> _Problem_
Retype, exactly as they appear below, the lines between the line holding "DKNY SPORTSWEAR Lenox" and the line holding "Fenwick's players including", both ends included.

◇ ◇ ◇ ◇ ◇

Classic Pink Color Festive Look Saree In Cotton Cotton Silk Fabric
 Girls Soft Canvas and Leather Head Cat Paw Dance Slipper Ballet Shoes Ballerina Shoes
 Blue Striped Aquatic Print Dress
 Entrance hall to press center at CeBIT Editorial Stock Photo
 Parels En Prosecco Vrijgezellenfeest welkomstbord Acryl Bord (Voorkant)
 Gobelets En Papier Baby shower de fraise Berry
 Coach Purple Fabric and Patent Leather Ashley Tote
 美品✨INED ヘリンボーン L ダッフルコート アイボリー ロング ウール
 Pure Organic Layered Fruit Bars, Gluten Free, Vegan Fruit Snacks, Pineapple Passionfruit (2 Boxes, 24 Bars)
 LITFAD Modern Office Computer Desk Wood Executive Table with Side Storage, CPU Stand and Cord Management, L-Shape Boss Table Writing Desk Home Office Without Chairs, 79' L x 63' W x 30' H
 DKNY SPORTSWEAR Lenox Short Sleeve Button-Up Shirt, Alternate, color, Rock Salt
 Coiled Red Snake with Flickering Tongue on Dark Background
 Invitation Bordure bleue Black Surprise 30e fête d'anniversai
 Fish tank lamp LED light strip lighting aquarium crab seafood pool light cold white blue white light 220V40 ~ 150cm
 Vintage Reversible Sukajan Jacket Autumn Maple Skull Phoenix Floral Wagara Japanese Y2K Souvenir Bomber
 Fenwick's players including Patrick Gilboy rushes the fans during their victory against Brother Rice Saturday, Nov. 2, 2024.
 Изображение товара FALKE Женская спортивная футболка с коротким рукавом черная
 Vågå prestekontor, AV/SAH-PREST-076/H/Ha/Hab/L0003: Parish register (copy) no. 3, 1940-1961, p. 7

◇ ◇ ◇ ◇ ◇

> _Finished exercise_
 DKNY SPORTSWEAR Lenox Short Sleeve Button-Up Shirt, Alternate, color, Rock Salt
 Coiled Red Snake with Flickering Tongue on Dark Background
 Invitation Bordure bleue Black Surprise 30e fête d'anniversai
 Fish tank lamp LED light strip lighting aquarium crab seafood pool light cold white blue white light 220V40 ~ 150cm
 Vintage Reversible Sukajan Jacket Autumn Maple Skull Phoenix Floral Wagara Japanese Y2K Souvenir Bomber
 Fenwick's players including Patrick Gilboy rushes the fans during their victory against Brother Rice Saturday, Nov. 2, 2024.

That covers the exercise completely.